My stomach was in knots the whole time he was gone, because he said it was iffy that corporate would come through. Fifty minutes later, however, he emerged with a check in hand, resentful of the time away from his busy schedule. Stressed, he told me to never again expect another C.O.D. and that any future sale must be on credit. Luckily, I made it to the bank with a few minutes to spare.

Know Your Product Thoroughly

I received a disheartening phone call shortly thereafter: my wire was breaking. This horrible news fueled the fire of my fears. Would I have to reimburse my customer? Would my vendor refuse to reimburse me?

My customer told me to come over and take samples of his good wire to see if I might duplicate it. I did that and educated myself on the necessary qualities.
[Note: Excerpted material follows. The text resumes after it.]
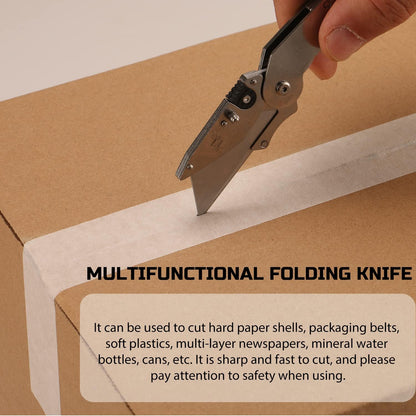 Lichamp 6-Pack Folding Utility Knife, Quick-Change Box Cutter with Razor Blades & Belt Clip, Portable Construction Tool for DIY, Outdoor & Warehouse Use, Black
My primary goal then was to find a career in which nobody had the power to fire me and that provided a comfortable living for my two little girls and myself.

Voila! I found another wire supplier that had the right specifications. By then, I was savvy enough to act as though they would naturally give me thirty-day terms. They did!

More good news: My customer merely threw away all the bad wire I'd sold him, and the new wire worked perfectly; he then gave me leads and a good endorsement. I rapidly gained more wire customers.

Anticipate The Dangers Of Exponential Growth

I had made a depressing discovery. My working capital was inadequate. After I purchased the wire, I had to wait ten to thirty days for a fabricator to get it reconfigured, which became a looming problem. It meant that to maintain a good credit standing, I had to pay for the wire ten to thirty days before my customers paid me.

I was successful on paper but was incredibly cash deprived. In other words, my exponentially growing business was about to implode due to too many sales. Eventually, my increasing sales grew at a slower rate, solving my cash flow problem.

Delegate From The Bottom Up

I learned how to delegate and eventually delegated myself out of the top jobs of CEO, President, CFO, and Vice President of Finance. Now, at seventy-eight years old, I've sold all but a third of Vulcan's stock and am semi-retired with my only job currently serving as Vice President of Stock and Consultant.

In the interim, I survived many obstacles and learned many other lessons, but hopefully these five will get you started and help prevent some of you from having the same struggles that I did. And in the end, I figured it all out, just like you will.